Department of Biomedical Technologies, School of Dentistry, University of Siena, Siena, Italy.
Ann Maxillofac Surg. 2024 Jan-Jun;14(1):85-88. doi: 10.4103/ams.ams_220_23. Epub 2024 Apr 19.
Alagille syndrome is a rare genetic disorder with dental and facial abnormalities in the head-and-neck area. It is autosomal dominant and occurs in approximately 1 in 100,000 people. No cases of Alagille Syndrome (ALGS) with mandibular hypoplasia and temporomandibular joint ankyloses (TMJa) have been reported to date.
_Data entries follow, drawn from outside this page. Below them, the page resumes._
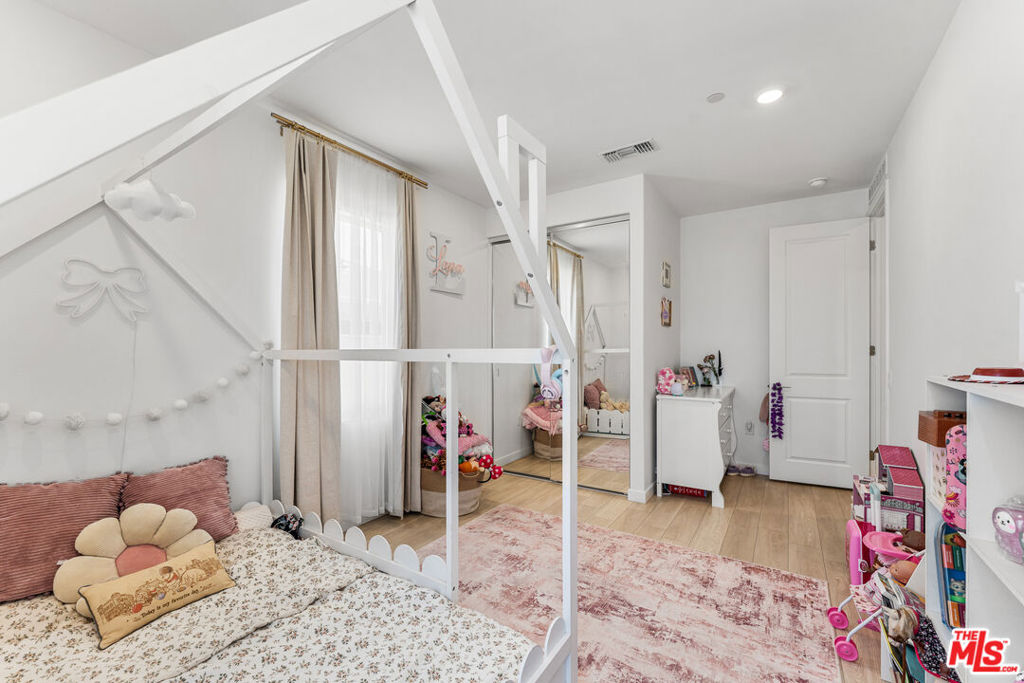 42831 Coronet Drive Property Photo 24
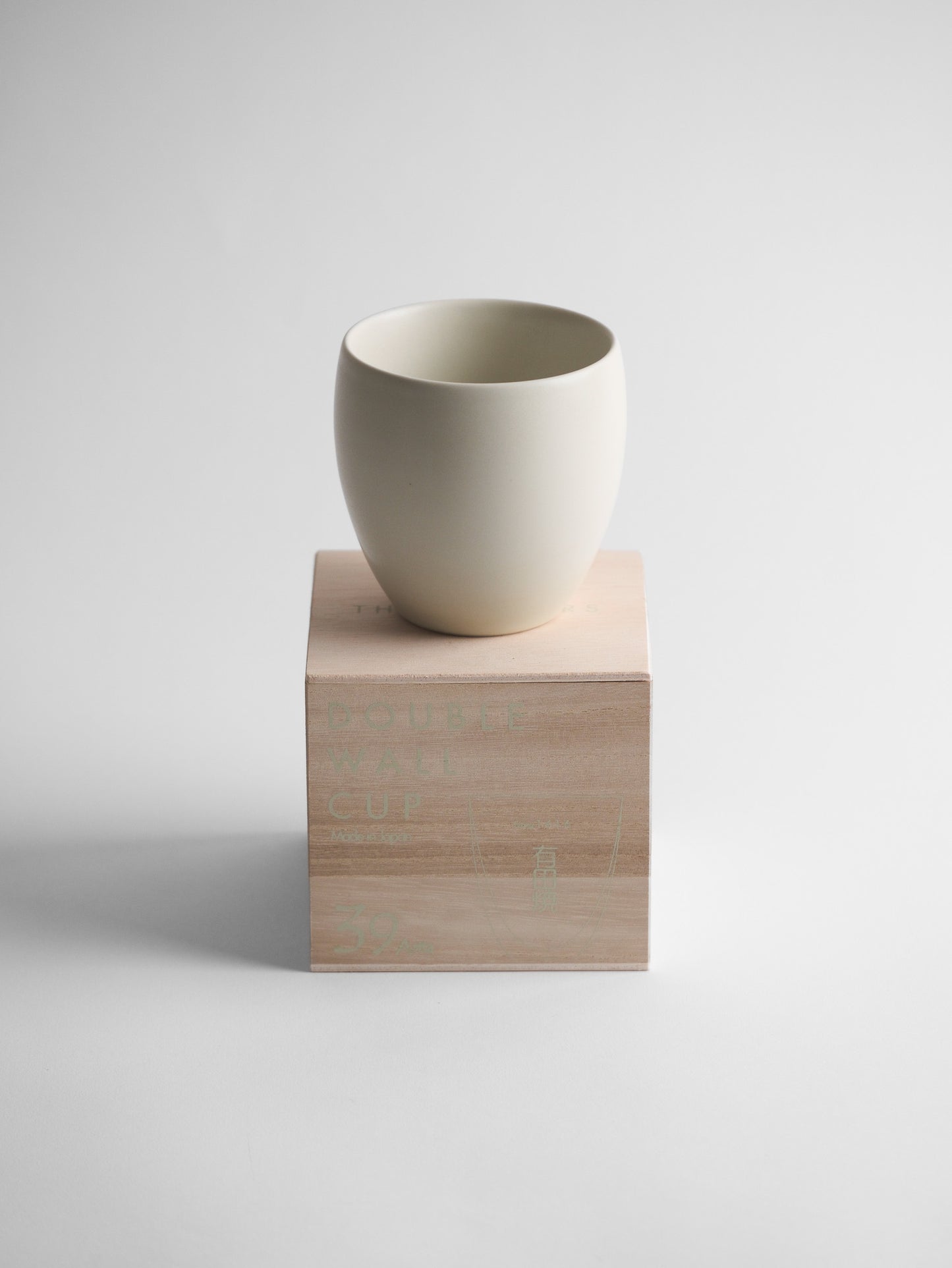 39 Arita Double Wall Cup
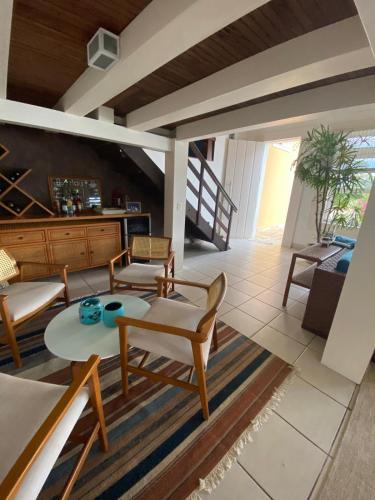 Caieira House | Vista dos sonhos na beira do mar de Angra com pier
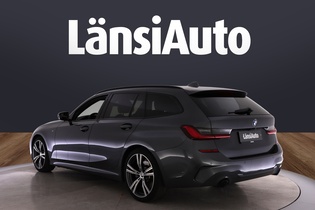 BMW 330 vaihtoauto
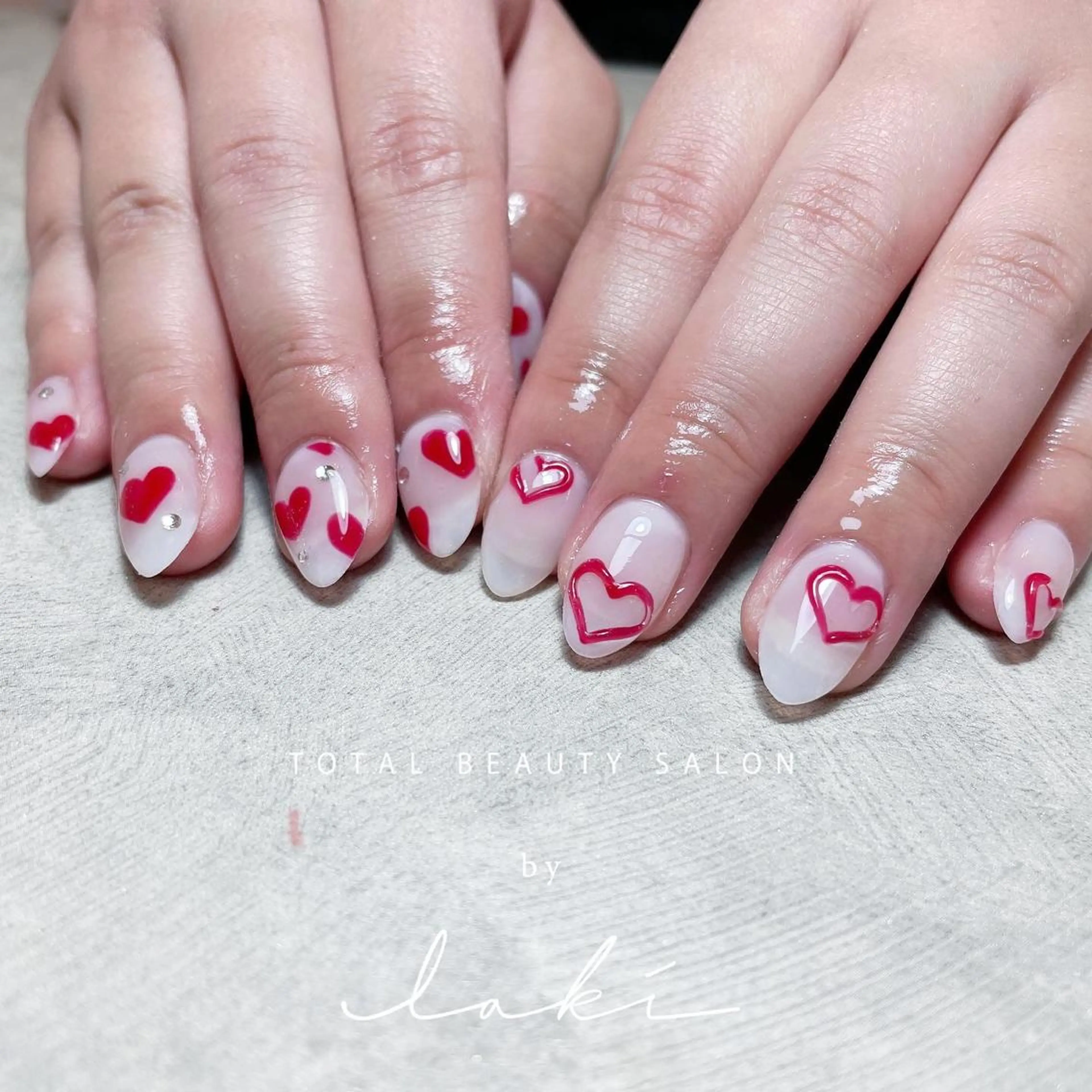 ネイル ハート ハンドネイル my&所属・my&_ maimiのネイルデザイン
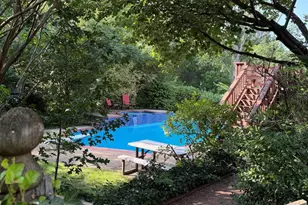 21467 Estate Pl, Ashburn, VA 20147 - Photo 2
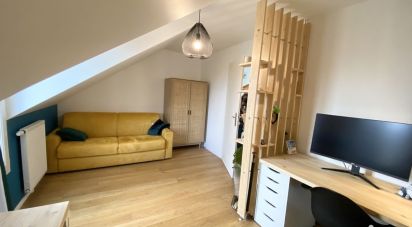 Apartment 3 rooms of 75 m² in Savigny-le-Temple (77176)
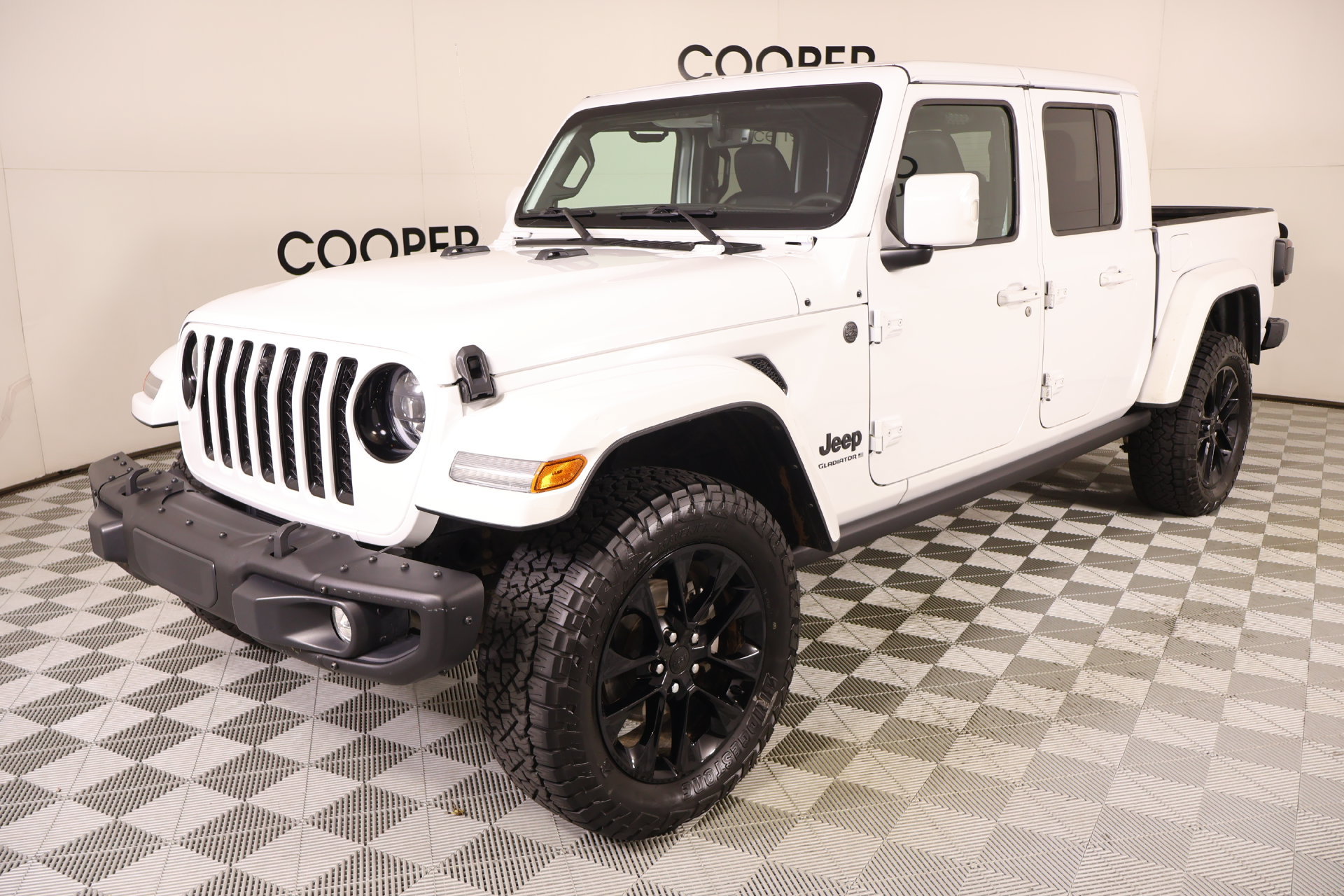 Used 2023 Jeep Gladiator Overland AWD/4WD image 11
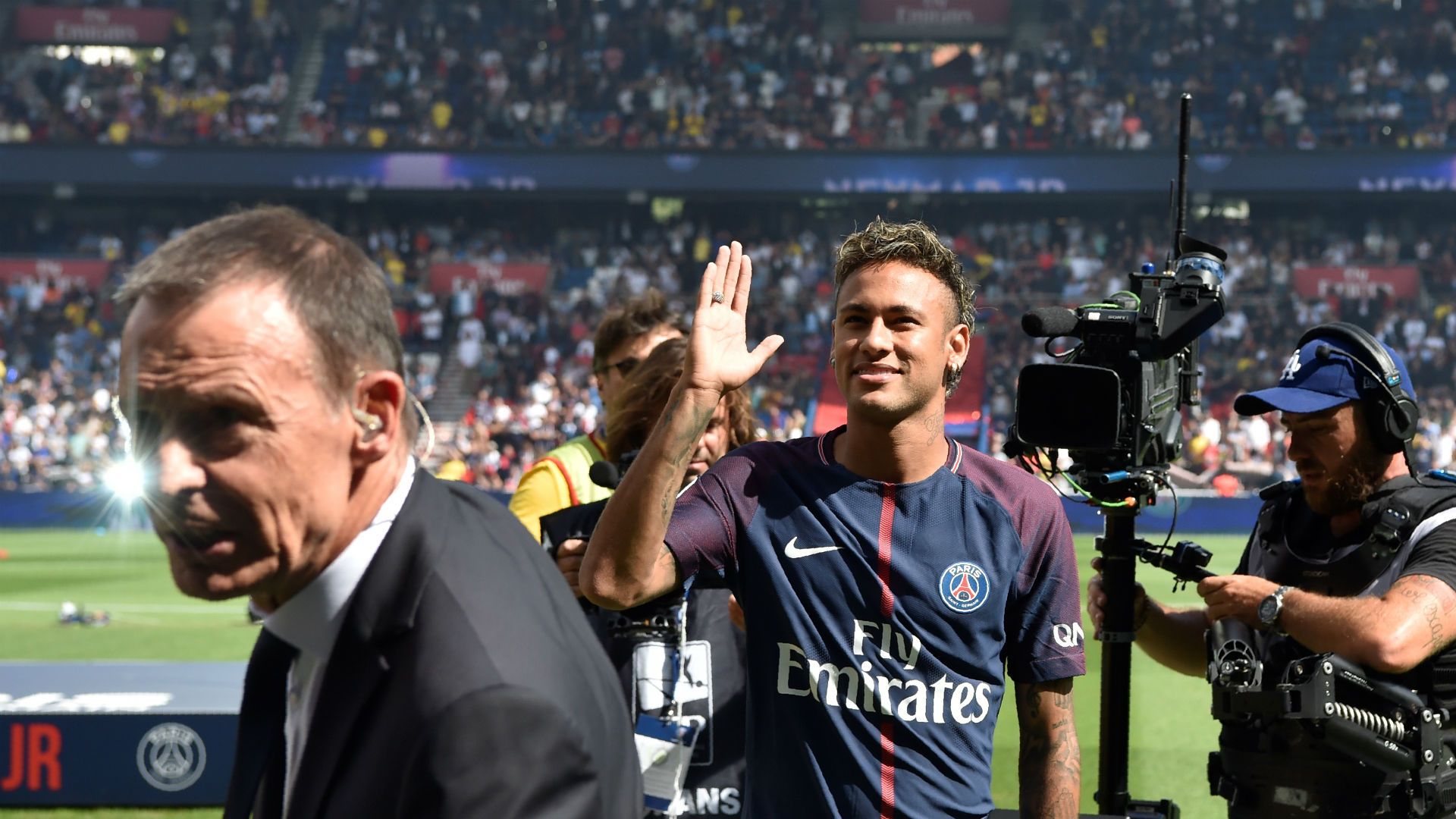Neymar presentation at Parc des Princes PSG 05082017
A 3-year-old female patient suffering from ALGS came to our hospital affected by unilateral mandibular hypoplasia and TMJa with severe limitation of mouth opening (maximal interincisal distance [MID] of 2 mm).
A two-phase surgical management approach was undertaken based on computed tomography scans and the patient's age. The first phase involved mandibular distraction, followed by arthroplasty with amniotic human membrane placement.
After immediate post-surgery rehabilitation, the patient showed good mandibular function with no complications after 15 months. MID was 20 mm.
TAKE-AWAY LESSONS: This is a rare and interesting case with no previous literature reports. The use of amniotic membranes in surgical management adds further significance.
阿拉吉列综合征是一种罕见的遗传性疾病,在头颈部区域存在牙齿和面部异常。它是常染色体显性遗传,发病率约为十万分之一。迄今为止,尚未有下颌发育不全和颞下颌关节强直(TMJa)的阿拉吉列综合征(ALGS)病例报告。
一名患有ALGS的3岁女性患者因单侧下颌发育不全和TMJa前来我院就诊,伴有严重的张口受限(最大切牙间距离[MID]为2毫米)。
基于计算机断层扫描和患者年龄,采取了两阶段手术治疗方法。第一阶段进行下颌骨牵张成骨术,随后进行关节成形术并植入人羊膜。
术后立即进行康复治疗,15个月后患者下颌功能良好,无并发症。MID为20毫米。
这是一个罕见且有趣的病例,此前无文献报道。在手术治疗中使用羊膜具有更大的意义。